Pour cela, deux groupes ont été créés à l’ONU le 15 février 2013. Coïncidence : c’est le même jour que l’explosion du météore de Tcheliabinsk, dont on a parlé au début de cette vidéo.
Le premier groupe : c’est le “réseau international d’alerte des astéroïdes,” qui réunit des experts capables d’évaluer la menace et d'alerter si nécessaire.
Dans ce cas, il prévient la deuxième entité : le Groupe conseil de préparation de missions spatiales, qui réunit une quinzaine d’agences spatiales.
C’est lui qui sera chargé de mettre en œuvre une action internationale coordonnée, comme une mission de déviation par exemple.
Et pour s’entraîner, il y a la Conférence de défense planétaire. Tous les deux ans, des experts doivent plancher sur un scénario fictif d’impact et tenter d’éviter la catastrophe.

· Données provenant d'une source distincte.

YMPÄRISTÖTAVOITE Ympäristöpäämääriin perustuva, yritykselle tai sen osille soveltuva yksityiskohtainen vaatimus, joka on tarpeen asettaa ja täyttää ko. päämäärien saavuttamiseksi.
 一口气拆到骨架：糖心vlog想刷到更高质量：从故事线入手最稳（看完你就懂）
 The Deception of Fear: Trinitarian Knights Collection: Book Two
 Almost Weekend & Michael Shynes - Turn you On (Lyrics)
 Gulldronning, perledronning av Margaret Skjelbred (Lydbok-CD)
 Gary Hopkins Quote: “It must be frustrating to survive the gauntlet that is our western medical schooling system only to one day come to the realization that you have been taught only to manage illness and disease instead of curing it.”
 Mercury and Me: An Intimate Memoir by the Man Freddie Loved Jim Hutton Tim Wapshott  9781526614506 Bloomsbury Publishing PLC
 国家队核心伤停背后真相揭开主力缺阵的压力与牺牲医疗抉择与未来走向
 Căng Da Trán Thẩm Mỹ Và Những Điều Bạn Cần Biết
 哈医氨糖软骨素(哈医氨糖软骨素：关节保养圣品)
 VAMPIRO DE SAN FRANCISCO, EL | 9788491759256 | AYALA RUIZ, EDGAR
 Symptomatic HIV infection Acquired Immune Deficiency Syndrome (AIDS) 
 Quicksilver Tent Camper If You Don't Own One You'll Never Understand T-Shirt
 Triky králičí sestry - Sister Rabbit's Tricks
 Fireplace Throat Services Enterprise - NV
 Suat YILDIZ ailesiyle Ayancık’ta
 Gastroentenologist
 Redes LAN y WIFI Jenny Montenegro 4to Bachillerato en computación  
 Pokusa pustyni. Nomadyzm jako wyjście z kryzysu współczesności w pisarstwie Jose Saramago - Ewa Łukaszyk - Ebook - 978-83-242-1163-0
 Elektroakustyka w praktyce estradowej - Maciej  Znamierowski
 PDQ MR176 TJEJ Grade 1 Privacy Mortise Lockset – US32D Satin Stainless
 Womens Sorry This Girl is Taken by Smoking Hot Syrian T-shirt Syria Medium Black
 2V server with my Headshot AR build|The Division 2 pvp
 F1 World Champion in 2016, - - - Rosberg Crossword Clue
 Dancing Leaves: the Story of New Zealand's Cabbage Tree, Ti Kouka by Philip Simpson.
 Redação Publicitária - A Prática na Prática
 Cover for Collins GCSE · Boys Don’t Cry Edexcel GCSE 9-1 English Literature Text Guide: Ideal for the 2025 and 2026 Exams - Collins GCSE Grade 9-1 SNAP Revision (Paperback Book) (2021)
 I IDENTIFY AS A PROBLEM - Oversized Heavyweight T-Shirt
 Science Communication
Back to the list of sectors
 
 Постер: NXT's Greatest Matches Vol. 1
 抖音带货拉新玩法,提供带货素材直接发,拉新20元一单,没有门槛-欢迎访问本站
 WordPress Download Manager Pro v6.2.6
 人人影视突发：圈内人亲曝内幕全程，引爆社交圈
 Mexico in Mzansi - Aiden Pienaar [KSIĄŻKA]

MICHEL : “C’est une sorte de jeu de rôles (...). Et jusqu'à maintenant, d’ailleurs, on n'a jamais réussi à éviter l’impact (...) Mais ça a un avantage, c'est que ça nous permet de penser à tous les scénarios possibles. Et puis ça impliquera de nombreux pays le jour où ça arrive, donc autant s'organiser dès maintenant et s'assurer qu'on est tous sur la même longueur d'onde. Et ça semble être le cas.”
Il reste cependant de nombreuses questions : Par exemple : la Chine, qui développe son propre programme de défense planétaire et les Etats-Unis accepteront-ils de coopérer ? Il faut rappeler que malgré les recommandations de l’ONU, les Etats restent libres de leurs décisions.
Autre chose : si on ne peut pas éviter une collision, où fait-on tomber l’astéroïde ?
Ou encore, qui est responsable si une mission échoue ?
L’avantage, c’est que malgré les nombreux défis qui restent à relever, nous avons encore plusieurs années devant nous pour être au point.
MICHEL : “On n’est pas encore prêts, mais on avance.... Il faut pratiquer, il faut comprendre. Notre responsabilité, c'est de pouvoir offrir aux futures générations, on l'espère, un plan robuste. Comme je dis toujours, les dinosaures aurait bien aimé avoir une agence spatiale.”